Built for researchers who use AI assistance to write analysis code and need to demonstrate to editors, reviewers, and co-authors that the results are real and reproducible.

Try it in your browser: a live demo runs the verification on the mtcars example and lets you watch the cross-tool check catch a bug. Its source is in demo/.

What it checks

Phase What happens
1. Data intake Shape, dtypes, missing-value counts, descriptives, and category frequencies of the data as loaded, so you can confirm it matches your raw file.
2. Transformations If your analysis declares a prepare() step, a before/after snapshot plus range and integrity checks.
3. Consistency + spot-checks Every reported statistic is checked to be the kind of number it claims to be (R² in [0, 1], a p-value in [0, 1], a loading in [-1, 1], residuals summing to ~0, a coefficient of the expected sign), and selected values are recomputed directly from the raw data.
4. Reproducibility The analysis is re-run and every statistic must come back identical (deterministic), or identical once a seed is fixed (stochastic).
5. Cross-tool triangulation Your results are compared, statistic by statistic, against an independent R implementation. This is the step that catches results which are artifacts of one tool's defaults.
6. Report A compiled verification log, a comparison table, a machine-readable JSON, and a methodology-statement paragraph.

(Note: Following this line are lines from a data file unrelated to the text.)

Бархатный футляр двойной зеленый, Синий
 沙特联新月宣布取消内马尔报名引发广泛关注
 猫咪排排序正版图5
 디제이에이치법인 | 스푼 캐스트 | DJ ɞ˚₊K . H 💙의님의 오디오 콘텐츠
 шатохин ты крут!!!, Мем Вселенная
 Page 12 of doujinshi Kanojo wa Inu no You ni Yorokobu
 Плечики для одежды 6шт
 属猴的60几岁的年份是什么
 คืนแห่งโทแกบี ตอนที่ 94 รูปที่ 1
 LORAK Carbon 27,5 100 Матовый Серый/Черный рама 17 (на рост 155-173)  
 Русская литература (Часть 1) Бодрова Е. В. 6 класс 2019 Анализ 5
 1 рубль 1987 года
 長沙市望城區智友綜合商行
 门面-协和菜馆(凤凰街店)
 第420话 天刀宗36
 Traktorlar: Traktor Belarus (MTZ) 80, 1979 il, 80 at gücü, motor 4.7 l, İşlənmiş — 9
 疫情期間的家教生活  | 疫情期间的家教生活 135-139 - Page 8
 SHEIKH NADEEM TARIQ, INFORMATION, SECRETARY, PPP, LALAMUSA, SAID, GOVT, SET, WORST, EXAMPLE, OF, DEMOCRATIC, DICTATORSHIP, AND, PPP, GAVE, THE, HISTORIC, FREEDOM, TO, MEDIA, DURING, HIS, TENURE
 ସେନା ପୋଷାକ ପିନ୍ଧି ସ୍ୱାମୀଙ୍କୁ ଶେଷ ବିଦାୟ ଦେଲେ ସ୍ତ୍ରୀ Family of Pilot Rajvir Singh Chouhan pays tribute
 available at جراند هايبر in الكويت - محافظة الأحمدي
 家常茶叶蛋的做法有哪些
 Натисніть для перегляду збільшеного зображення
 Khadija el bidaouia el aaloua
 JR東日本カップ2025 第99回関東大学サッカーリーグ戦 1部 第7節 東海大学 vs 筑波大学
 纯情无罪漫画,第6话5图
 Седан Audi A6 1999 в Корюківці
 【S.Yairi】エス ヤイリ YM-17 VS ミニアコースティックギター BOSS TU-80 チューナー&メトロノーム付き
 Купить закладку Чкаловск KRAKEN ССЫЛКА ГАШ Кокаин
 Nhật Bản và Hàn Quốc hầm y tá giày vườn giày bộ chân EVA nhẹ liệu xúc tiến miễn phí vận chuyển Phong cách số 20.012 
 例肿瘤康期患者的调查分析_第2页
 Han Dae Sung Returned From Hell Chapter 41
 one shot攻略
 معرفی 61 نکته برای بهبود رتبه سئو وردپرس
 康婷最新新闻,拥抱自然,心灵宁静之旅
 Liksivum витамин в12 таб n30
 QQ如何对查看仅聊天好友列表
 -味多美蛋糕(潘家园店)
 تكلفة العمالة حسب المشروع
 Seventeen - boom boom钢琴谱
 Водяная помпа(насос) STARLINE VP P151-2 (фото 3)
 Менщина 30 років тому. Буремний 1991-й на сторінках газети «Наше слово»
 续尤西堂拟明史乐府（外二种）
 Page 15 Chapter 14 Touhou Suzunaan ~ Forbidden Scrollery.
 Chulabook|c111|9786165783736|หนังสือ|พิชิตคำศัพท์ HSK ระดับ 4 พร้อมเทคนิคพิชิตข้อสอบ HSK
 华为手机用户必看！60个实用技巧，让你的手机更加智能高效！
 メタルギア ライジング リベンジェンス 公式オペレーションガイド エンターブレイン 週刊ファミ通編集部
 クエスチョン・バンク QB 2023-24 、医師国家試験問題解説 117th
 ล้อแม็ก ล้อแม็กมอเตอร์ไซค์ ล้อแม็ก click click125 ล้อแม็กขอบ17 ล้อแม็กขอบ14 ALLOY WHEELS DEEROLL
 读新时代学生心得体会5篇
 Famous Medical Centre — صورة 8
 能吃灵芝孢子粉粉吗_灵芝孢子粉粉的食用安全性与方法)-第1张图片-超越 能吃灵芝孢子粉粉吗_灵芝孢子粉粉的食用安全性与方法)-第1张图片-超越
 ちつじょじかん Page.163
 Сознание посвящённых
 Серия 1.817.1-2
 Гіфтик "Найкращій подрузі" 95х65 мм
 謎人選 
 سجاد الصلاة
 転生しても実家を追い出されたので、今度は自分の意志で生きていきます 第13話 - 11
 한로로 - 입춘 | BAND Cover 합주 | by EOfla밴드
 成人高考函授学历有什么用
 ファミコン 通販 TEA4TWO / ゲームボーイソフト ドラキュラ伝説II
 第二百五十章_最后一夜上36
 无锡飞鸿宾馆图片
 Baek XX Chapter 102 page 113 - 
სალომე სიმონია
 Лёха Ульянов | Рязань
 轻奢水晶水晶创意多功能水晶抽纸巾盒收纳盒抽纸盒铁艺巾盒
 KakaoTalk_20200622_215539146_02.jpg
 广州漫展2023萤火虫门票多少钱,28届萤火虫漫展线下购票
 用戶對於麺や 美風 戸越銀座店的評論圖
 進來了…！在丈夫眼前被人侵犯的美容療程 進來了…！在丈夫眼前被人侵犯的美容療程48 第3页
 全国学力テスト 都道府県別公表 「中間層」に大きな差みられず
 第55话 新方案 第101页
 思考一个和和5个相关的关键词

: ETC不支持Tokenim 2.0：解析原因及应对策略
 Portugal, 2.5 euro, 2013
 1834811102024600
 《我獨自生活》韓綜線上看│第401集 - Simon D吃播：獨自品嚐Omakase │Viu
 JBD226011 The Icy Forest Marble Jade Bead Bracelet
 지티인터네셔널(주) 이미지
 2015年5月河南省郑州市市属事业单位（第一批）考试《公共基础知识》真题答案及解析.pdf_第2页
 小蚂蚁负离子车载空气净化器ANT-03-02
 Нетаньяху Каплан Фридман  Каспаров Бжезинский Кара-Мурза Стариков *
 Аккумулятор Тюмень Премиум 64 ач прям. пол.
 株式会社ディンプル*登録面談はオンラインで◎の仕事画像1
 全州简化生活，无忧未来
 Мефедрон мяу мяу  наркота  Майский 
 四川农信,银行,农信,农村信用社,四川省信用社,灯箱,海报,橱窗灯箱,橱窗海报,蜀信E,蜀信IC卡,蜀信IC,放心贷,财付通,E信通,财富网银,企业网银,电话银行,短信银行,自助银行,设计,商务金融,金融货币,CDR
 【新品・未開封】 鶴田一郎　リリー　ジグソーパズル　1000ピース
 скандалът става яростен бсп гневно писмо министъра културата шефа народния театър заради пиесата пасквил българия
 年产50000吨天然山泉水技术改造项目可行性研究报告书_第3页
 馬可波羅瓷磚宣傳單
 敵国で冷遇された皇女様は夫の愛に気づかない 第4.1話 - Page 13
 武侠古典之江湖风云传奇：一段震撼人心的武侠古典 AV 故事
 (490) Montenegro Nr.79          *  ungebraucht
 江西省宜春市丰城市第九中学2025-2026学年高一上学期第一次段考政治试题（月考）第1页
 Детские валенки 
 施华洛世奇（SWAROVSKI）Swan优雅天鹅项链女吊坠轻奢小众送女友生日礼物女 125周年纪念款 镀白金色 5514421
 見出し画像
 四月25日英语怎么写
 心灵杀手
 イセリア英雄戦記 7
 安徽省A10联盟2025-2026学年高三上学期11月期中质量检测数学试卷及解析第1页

For a step-by-step description of each phase, as a brief overview and in technical detail, see docs/PROTOCOL.md.

Confidentiality

crossverify runs entirely on your machine. It makes no network calls, contacts no AI/LLM service, and sends no telemetry. Your data and results never leave your computer. Generated outputs and a projects/ directory for your real studies are git-ignored, so nothing sensitive is committed even though this repository is public.

Trust boundary

A project file is executable code, not just configuration: the harness imports and runs the Python module and Rscript-executes the R script it names, and pandas/R parse the dataset you point it at. Run only project bundles and datasets you trust — running someone else's bundle is equivalent to running their program. As a guardrail, the data, python.module, and r.script paths must resolve inside the project folder; a path that escapes it (an absolute path or ..) is reported and the run aborts before any code executes. Set allow_external_paths: true in the project file if you deliberately keep data or scripts elsewhere. The user-supplied R script also receives only a minimal environment (no inherited tokens or credentials).

Install

pip install -r requirements.txt    # PyYAML + pandas (statsmodels for the example)

The cross-tool phase additionally needs R on your PATH with the jsonlite package (install.packages("jsonlite")). Everything else runs without R; use --skip-r to skip Phase 5.

Quickstart

Run the worked example — an OLS regression (mpg ~ wt + hp) implemented in both Python and R on the public-domain mtcars dataset:

python -m crossverify --project examples/project.yaml
crossverify 0.1.0 — OLS regression: mpg ~ wt + hp (mtcars)
  Phase 1 intake           3 info
  Phase 2 transforms       1 info
  Phase 3 consistency      8 pass
  Phase 4 reproducibility  9 pass
  Phase 5 triangulation    9 pass
  Cross-tool: 9/9 statistics matched within tolerance.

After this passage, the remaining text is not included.